Estimation : 5 000 - 6 000 €
Adjudication : 6 240 €
Description
Trois lettres à propos des échos dans Le Figaro sur ses livres.

[Les Éditions de la Nouvelle Revue française vont publier, outre la réédition de Du côté de chez Swann, À l’ombre des jeunes filles en fleurs et Pastiches et Mélanges.

[16 juin].
« Si tu ne me trouves pas trop “avant-guerre” (je ne le suis nullement !) en te parlant livres, je viens te demander, au sujet de trois volumes de moi qui paraîtront à la fin de la semaine aux Éditions de la Nouvelle Revue française. Calmette, sans préjudice de ce que pouvait écrire sur mes livres le critique littéraire du Figaro, avait l’habitude, avant cette critique, et dès l’apparition du livre, de mettre en tête du journal un long article. C’est ainsi que Lucien DAUDET fit paraître en tête du Figaro un article de trois colonnes sur Du coté de chez Swann, ce qui n’empêcha pas Chevassu d’en parler ensuite.
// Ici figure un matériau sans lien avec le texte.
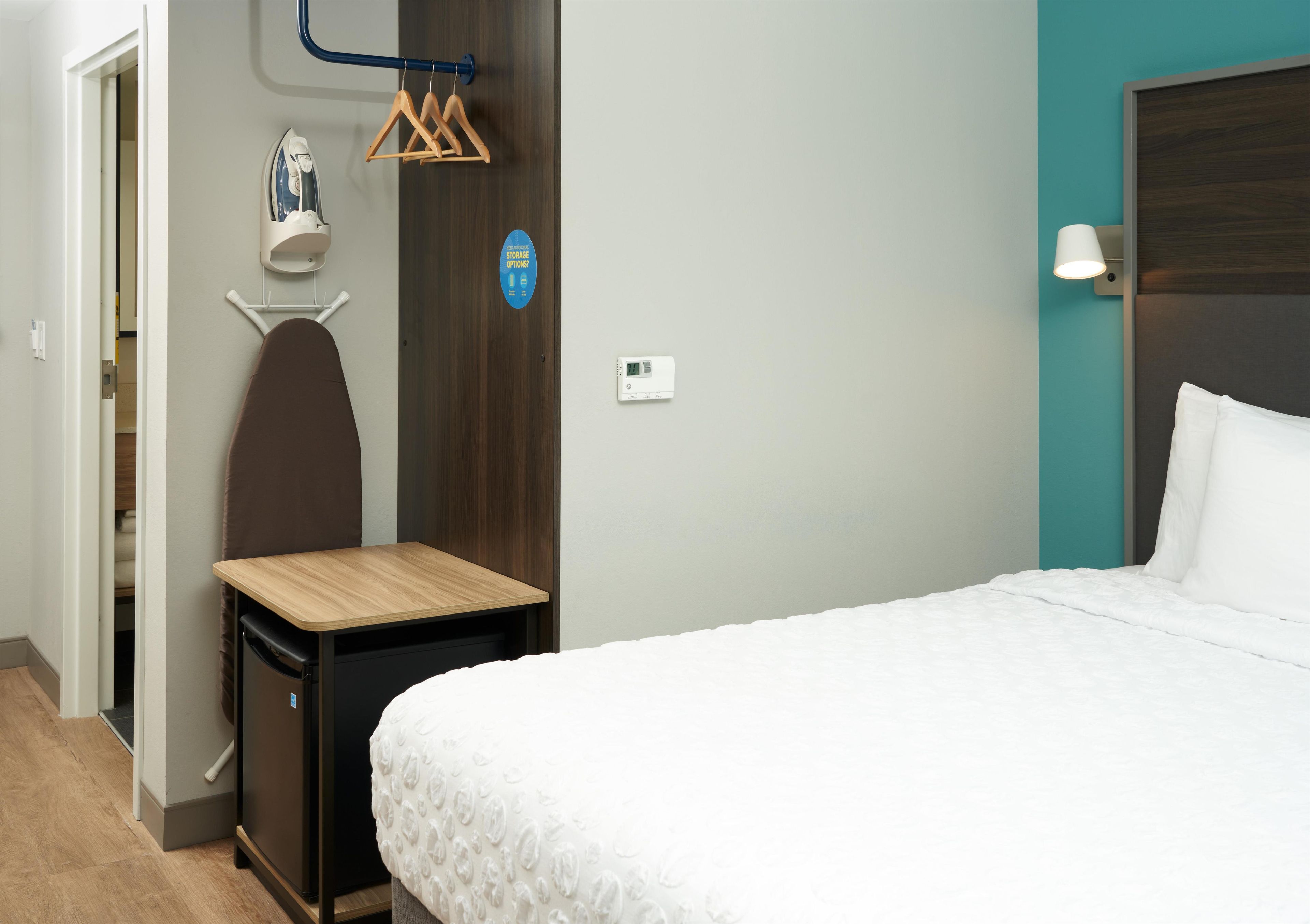 Habitación de hotel con una cama, una mesita, un armario, una tabla de planchar y un calentador de pared.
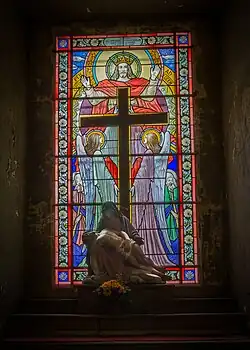 Une Pietà. En arrière-plan, le vitrail représente le Christ Roi avec devant lui, la croix tenue par deux anges.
Il me semble que cette gentillesse m’est d’autant plus due cette fois, que le Figaro après avoir, grâce à toi, annoncé un feuilleton de moi, a refusé, à cause de la cherté du papier, de le publier […] Les volumes qui paraissent cette semaine sont d’une part la suite de Swann, qui porte le titre de : À l’Ombre des jeunes filles en fleurs et qui est le second volume de À la Recherche du Temps Perdu dont Du Côté de chez Swann était le 1er. En même temps paraissent un volume de Pastiches et Mélanges, et une réimpression de Du côté de chez Swann. Je n’ose pas espérer que tu interrompes ta magnifique série d’études sur la Russie, la Roumanie, pour parler toi-même de mes livres. Parmi les écrivains qui je crois le feraient volontiers je pense très au hasard (celui-ci en ne lui disant pas que je l’ai désigné) à Louis de Robert, à Edmond Jaloux, à Francis de Miomandre. C’est un article qu’Edmond Rostand voulait faire, que André Gide ferait admirablement, et certainement avec plaisir. Je pense que Léon Blum le ferait aussi volontiers ». Si un article est impossible, il demande un écho : « Je crois que peu de personnes le feraient aussi bien que Robert DREYFUS qui me connaît si bien ». Son état de santé s’est détérioré « depuis que, la maison que j’habite ayant été transformée en banque, j’ai dû déménager. J’ai loué provisoirement du moins à Madame Réjane et le voisinage du Bois ajoute mes crises d’asthme de foin à des souffrances plus sérieuses, mais qui y trouvent une raison de recrudescence ». Il ne faut pas donner cette adresse « 8 bis rue Laurent Pichat » à personne « pour qu’on ne vienne pas troubler le peu de repos – à peu près nul – que j’ai »…

[3 ou 4 juillet].
« Si j’avais parlé d’article de tête c’est que dernièrement plusieurs ouvrages nouveaux ont été analysés à cette place, notamment par M. Benda. Mais je comprends très bien que les hommes de lettres, même ceux dont les livres, comme les miens, sont soudés très étroitement à la Guerre et à la Paix, doivent garder effacement et réserve. […] T’envoyer une page inédite me semble très difficile, je vais cependant voir ». Mais il aimerait un écho, « car comme tout le monde va quitter Paris et, que, de mois en mois, la publication de ces livres a été remise, décourageant leurs plus fidèles amis, ils ne pourront être lus que si on sait tout de suite qu’ils sont parus »…

[7 juillet].
Il remercie de l’écho dans la « Rentrée littéraire », « sans entrer dans le détail de ma reconnaissance, sans formuler non plus une seule réserve (caractères trop petits qui donnent l’air d’une réclame, Bartholo etc.) parce que je suis dans une crise d’asthme épouvantable. Je me croyais incapable, souffrant autant, d’un seul effort. Mais la Gratitude m’a mis la plume à la main, et le seul effort, c’est de m’arrêter ici, en te redisant avec tendresse combien ta bonté m’a ému »...

▬ On joint une l.a.s. de Robert DREYFUS renvoyant ces 3 lettres à Robert de Flers en 1926. Correspondance, t. XVIII, p. 265, 303 et 310.